Gordie was our next door neighbor who was often called in to make assessments of damage, although never allowed to do any fixing himself, as my mother believed in paying professionals to do what professionals are paid to do and Gordie was a drafting instructor, not a roof repair professional.
But you get the picture. It didn’t take me long to figure out as an adult why I would panic whenever anything went wrong of a structural nature. What I don’t understand is why I catastrophize, although it could be because my mother didn’t, I don’t know. I say this because I distinctly remember my mother saying to me once when I expressed some doubt about getting a job I had applied for, “I don’t understand why you don’t have any confidence – I have all the confidence in the world!”
I didn’t get the job, of course (I’ve never got a job I applied for, actually – they’ve all come to me through intermediaries of one kind of another) but I did start to wonder about balance, and whether my mother having ALL the confidence meant that, on balance, I had none. Or, at least, certainly not enough to trick a potential employer into giving me gainful employment.
And the one time I asked her about dying and whether she ever worried about me getting a horrible disease or getting hit by a car and dying before her she said, “What the hell are you talking about?! Your father was cut down in the prime of his life!
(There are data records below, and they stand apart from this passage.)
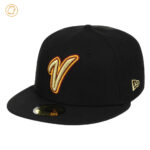 Gorra 2026 World Baseball Classic (negra) - Image 4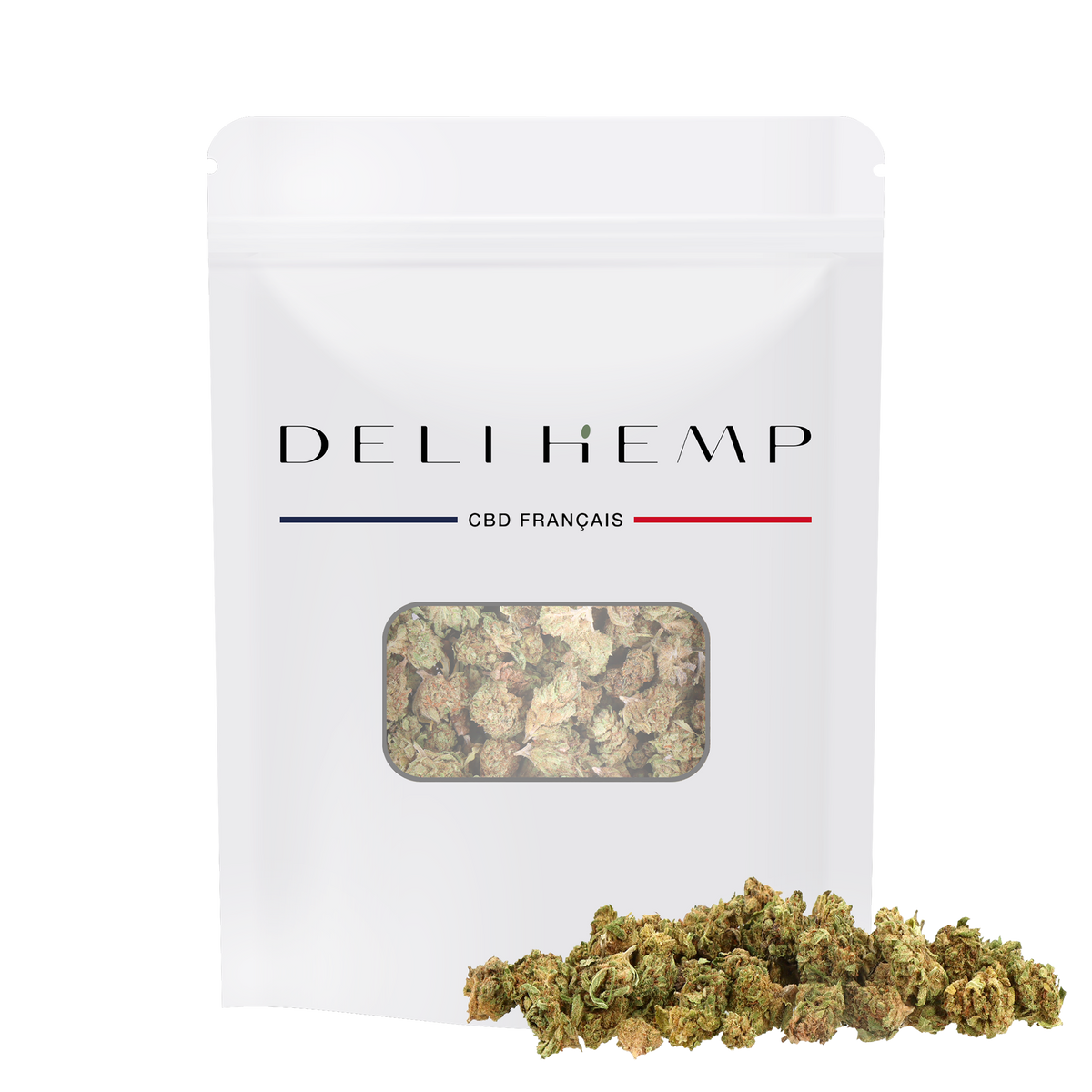 FLEURS CBD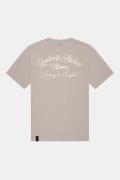 Quotrell Atelier milano t-shirt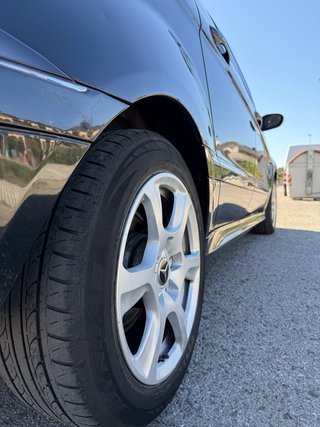 Mercedes-Benz Clase B 2007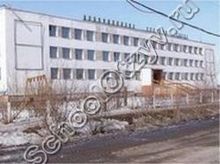 Угольнинская школа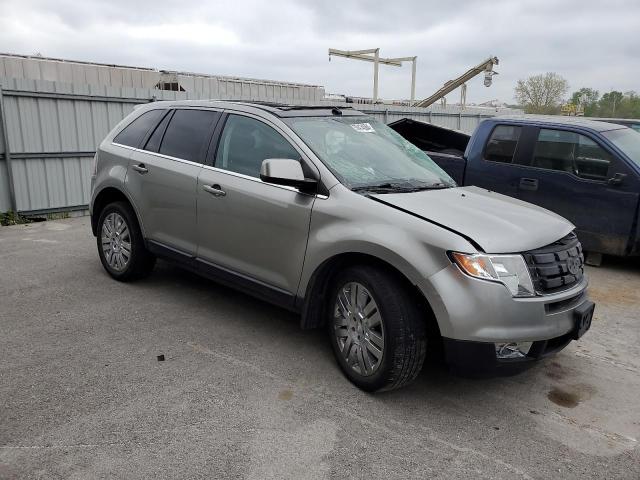 Photo 3 VIN: 2FMDK49C18BB42508 - FORD EDGE 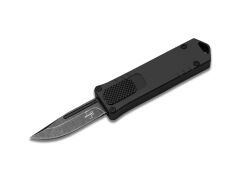 Nóż Böker Plus USB OTF Black 2.0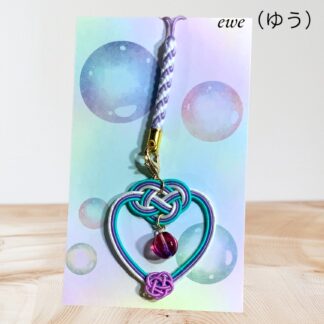 ewe  30  ストラップ
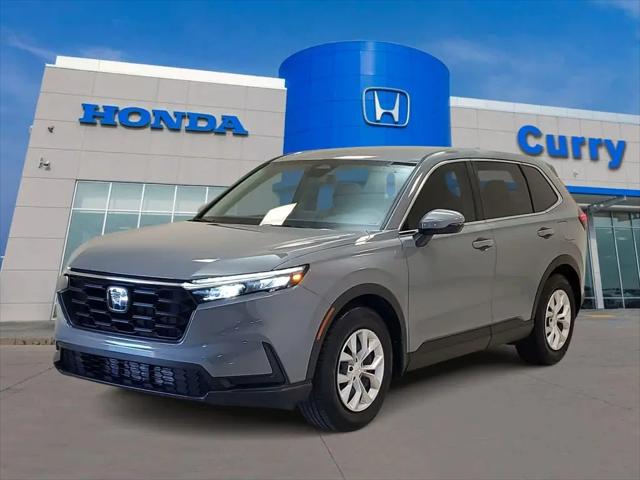 2025 Honda CR-V LX 2WD for sale in Chamblee, GA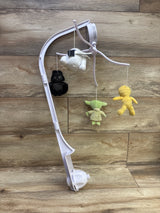 Lambs & Ivy Star Wars Classic Musical Baby Crib Mobile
Ohferchrissakes, use your head – can you not see I’m having a martini?! And did you dust those baseboards yet?!”
So, no, then.
Anyway, after a lifetime of catastrophizing on behalf of my own children, who are all young adults now, I’ve started, yes, using my head. Or, as my sister-in-law puts it, “learning to turn off the tv in your head”.
Because that’s just it, isn’t it. Many of us not only spend too much time soaking up bad news during the course of an average media filled day, but we add to that bad news with a mental running commentary involving all sorts of random bad news possibilities in our heads.
And when our young adults are going through actual difficulties, we seek reassurance from other mothers that whatever they’re going through is normal and that there’s nothing particularly to be done about it.
Ah, but, of course, that is exactly the wrong thing to do, as it turns out. Other mothers don’t calm your fears, they ramp them up. They come up with scenarios you hadn’t even thought to catastrophize yet. They will dump all over you, in other words, because, of course, you invited them to do it.
You, they will clearly say, without actually saying it, are a bad mother. You, they will clearly say, without actually saying it, are asking for it. You, they will clearly say, without actually saying it, deserve whatever you’ve got coming to you – all of it bad, because you are a bad, bad, bad mother.
Then they will advise you to get professional help, which is exactly what one should do. Never mind seeking advise from friends and/or family. Let a professional handle whatever your problems may be – a chunk of ice through the roof of your breakfast nook, a young adult child going through a difficult (for you) phase.
We pay each other money, provide each other with benefits, so that we can provide help to each other on an as needed basis.
So what’s going on that we’re supposedly richer than we think, or, at least, richer than we were back in the day, and yet, we can’t afford unions, we can’t afford taxes – in essence, we can’t afford each other.
Really, there’s something perversely wrong with how we’re choosing to live, isn’t there. We all have the same problems, but for some reason we’ve decided to blame each other for them instead of pay each other to solve them for us.